Predicting Algorithms

  • Algorithms leverage big data to influence everyday decisions, examples include:
      - Credit card fraud detection based on purchasing patterns.
      - Targeted advertising on social media based on user behavior.
      - Recommendations for products on retail sites.
      - Predictive policing utilizing crime trend data.

  • Limitations of Predictions: Past data patterns do not guarantee future trends; unexpected innovations may alter existing dynamics.

Visualization of Data

  • Proper visualization techniques are vital for interpreting complex data.

  • Useful visualization formats include:
      - Column charts, line graphs, pie charts, bar charts, and histograms.

  • Graph Example: Displaying user growth versus profit, showcasing how increases in users can correlate with profit.
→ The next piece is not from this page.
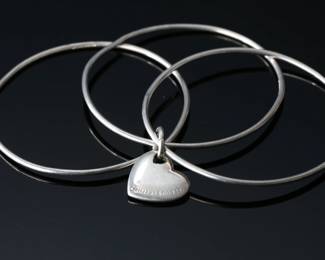 Tiffany & Co. Sterling Silver Triple Bangle Heart Charm Bracelet SZ: 8 .925	Size: 8	112018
  • Importance of visualization for understanding trends and making informed decisions.

Privacy Concerns

  • Issues surrounding data collection can lead to privacy risks, especially in online activities.

  • Metadata Definition: Data that provides context about primary data (e.g., a photo's location and time).

  • Privacy Risks Include:
      - Data collection through e-commerce and online services can lead to unauthorized sharing of personal information.
      - Balance between the convenience of services and potential privacy violations.

Metadata

  • Function of Metadata: Aids in identifying, organizing, and managing data efficiently.

  • Example of Metadata in a Photograph:
      - The filename, location, date taken, and author information can help organize and search for the photograph without altering the original data itself.

  • Enhances data usability by providing insightful additional information, facilitating retrieval tools.